The Azure Monitoring Agent (AMA) is a unified agent that replaces the legacy Log Analytics agent. AMA works with DCRs to collect data from various sources (e.g., VMs, containers, and more).

A Log Analytics Workspace is a central repository for log data collected from various sources.It stores logs, metrics, and other telemetry data. You can use KQL (Kusto Query Language) to query and analyze data within the workspace.

A Data Collection Rule defines how data is collected and processed by Azure Monitor. DCRs specify which data sources to collect from, how often, and where to store the data. You can create custom DCRs to tailor data collection to your specific needs.

Configuration Tracker refers to monitoring and tracking changes to resource configurations. It helps track modifications to settings, access controls, and configurations.

Architecture design:

When embarking on the journey of architecture design, it’s pivotal to concentrate on three core components that form the backbone of a robust and scalable system. Let’s delve into these components keeping Azure Well-Architected Framework in mind to ensure our design is not only resilient but also cost-effective and operationally efficient.

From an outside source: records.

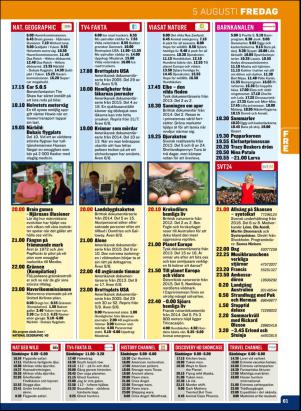 tv14-20160801_000_00_00_061.pdf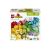 Lego Duplo Colorful Creative Box 10479 Lego | Lego στο MarkCenter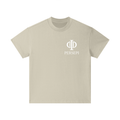 Pure Cotton Essential Kids T-Shirt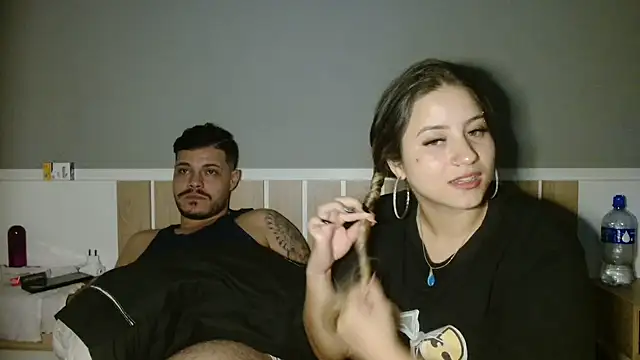 520 Loirex 741 online show from December 14, 2024, 3:51 am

1 — Log Analytics Workspace
2 — Data Collection Rules
3 — Alert Rule Scope

Log Analytics Workspace

Building on our previous discussion, a Log Analytics workspace acts as a data repository. You can choose between a central repository or create multiple workspaces based on your specific needs. To optimize costs, careful design is crucial. This means striking a balance between two key aspects of the Well-Architected Framework: cost optimization and operational efficiency

  • Single Workspace: Beginning with a singular workspace simplifies management and querying. There are no performance constraints tied to data volume within a workspace; however, latency may occur if regions are distant from one another. Additionally, compliance considerations play a role; certain companies mandate local data storage, making a centralized workspace unsuitable for their needs.
  • Multiple Workspaces: Separate workspaces should be considered if there is a requirement to segregate operational and security data, adhere to regional regulations, or optimize costs based on usage patterns. However, this approach demands more operational effort. With data dispersed across multiple workspaces, achieving discounts becomes challenging. Furthermore, maintaining multiple workspaces necessitates duplicating data collection rules since Data Collection Rules (DCRs) are tied to each log analytics workspace.

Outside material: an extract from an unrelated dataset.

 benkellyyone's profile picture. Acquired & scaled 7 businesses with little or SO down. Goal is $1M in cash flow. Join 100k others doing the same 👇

Factors that can influence the decision:

  • Dev / Prod Environment: You may want to keep the data separated for Dev and Prod environments
  • Latency: Transmission of logs across distant regions can introduce latency due to network communication.
  • Data Residency: The workspace is inherently associated with a specific Azure region. It’s imperative to ensure alignment between the workspace’s region and your data residency requirements.
  • Compliance: Different regions may adhere to distinct compliance regulations. It’s essential to understand the legal and regulatory implications of collecting data from diverse geographies.

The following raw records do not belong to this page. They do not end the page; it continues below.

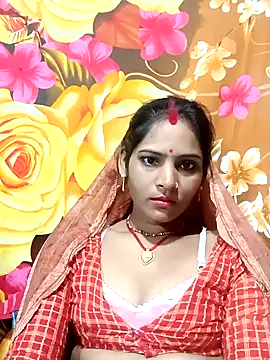 Snapshot of Rt_kinjal chatting on 12-19-25, 09:55 Rt kinjal online show from 12-19-25, 09:55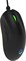 Speedlink TAUROX Gaming Mouse, black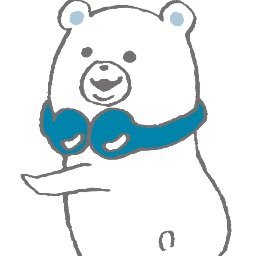 tensaibot0822's profile picture. 河合塾マナビスの【非公式】アカウントです。ボットがマナビスあるあるネタを定期的に自動で呟きます。共感したらリツイート！ DMにてあるあるネタを募集しております。（現在休止中）中の人→(@baskespsp)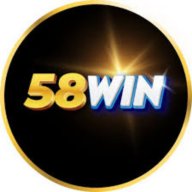 58Win bar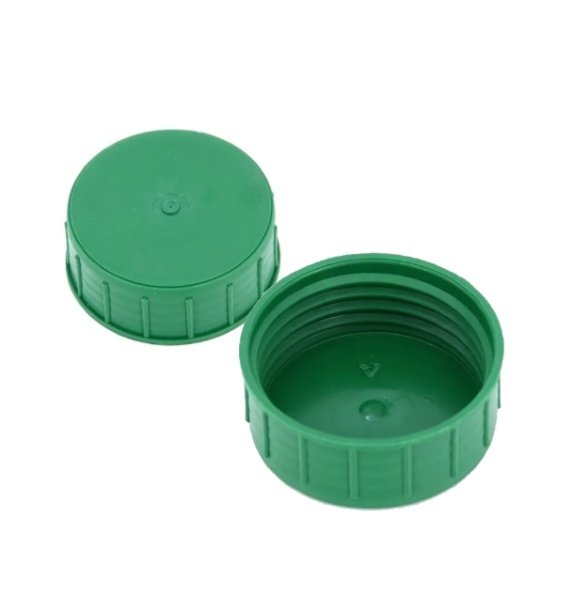 Крышка на Бутыль Козацкий 22л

Consider using multiple workspaces if:

  • You need to segregate data for operational and security purposes.
  • Your company is subject to regional regulations that require local data storage.
  • You want to optimize costs based on varying data usage patterns across regions.

Opt for a single workspace if:

  • Simplicity in management and querying is a priority.
  • Data latency across regions is not a major concern.
  • Compliance allows for centralized data storage.

Log Analytics Workspace RBAC Design:

Azure logs and metrics offer a straightforward method for controlling access to data. We can leverage the existing permissions assigned to resources, meaning that if someone already has access to a particular resource group or virtual machine, they automatically gain access to the metrics and logs within the workspace. Additionally, permissions can be granularly managed at the Log Analytics Workspace level.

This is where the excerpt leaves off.